# Help



## tynewman (Mar 10, 2019)

I'm building my second Maloof rocker. I had intended to sell this one, no buyer yet. I glued the headrest I. And then placed some dowels last night. When I went out this morning I saw that the face had cracked from one of the dowels. Do I cut the whole thing out, or try to repair?


----------



## CWWoodworking (Nov 28, 2017)

Replace the board

I can't tell for certain, but it looks like you have a couple joints close together. Could be a weak point.


----------



## Moose5 (Mar 21, 2020)

Looks like it could be a weak point where the wood grain is elongated.
Being since it is already split it wouldn't hurt to try to glue it and clamp it down.

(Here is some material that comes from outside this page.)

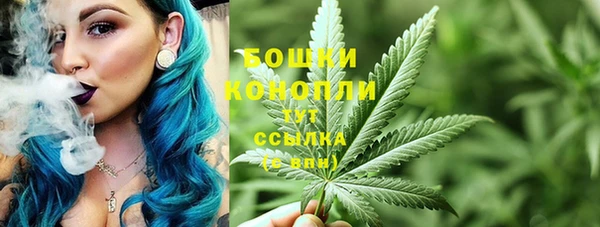 эйфоретик Сосновка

That's a bummer! I hate when that happens.


----------



## tynewman (Mar 10, 2019)

One of the dowels popped out a piece of the headrest


----------



## pottz (Sep 15, 2015)

ouccchhh.well if you intend to sell it and i assume it wont be cheap id say replace the head rest.if your gonna keep it maybe try repairing.having done one my heart goes out to you.


----------



## Redoak49 (Dec 15, 2012)

The dowel was too close to the surface of the head rest. How tight were the dowels? If they were snug and you glued them, hydraulic pressure can cause that when you push them together. In the rocker I built the dowels were quite loose and I used epoxy.


----------



## laterthanuthink (Jan 17, 2018)

I would not replace the board. The blowout gives your chair character. I would do the best cosmetic repair possible and be happy and proud of what obviously is an outstanding piece of craftsmanship.


----------



## tynewman (Mar 10, 2019)

Yes, I know the cause, and yes, I make my dowels loose, I can usually push them all the way in by hand. 
I tried a repair, going to go check it in a bit. If it doesn't make me happy I'm going to replace it. I guess I needed some commiseration and someone to tell me to just replace the thing.
Anyway, I'll post a picture of the repair while I build a new headrest. If it looks ok maybe you can talk me out of surgery


----------



## pottz (Sep 15, 2015)

a chair of that quality typically sells for 3-4 thousand,if i was paying that i wouldn't except a repaired chair.if your keeping it sure.


----------



## tynewman (Mar 10, 2019)

Surgery it is!


----------



## DS (Oct 10, 2011)

Redoing it correctly is way better than trying to put a bandage on it.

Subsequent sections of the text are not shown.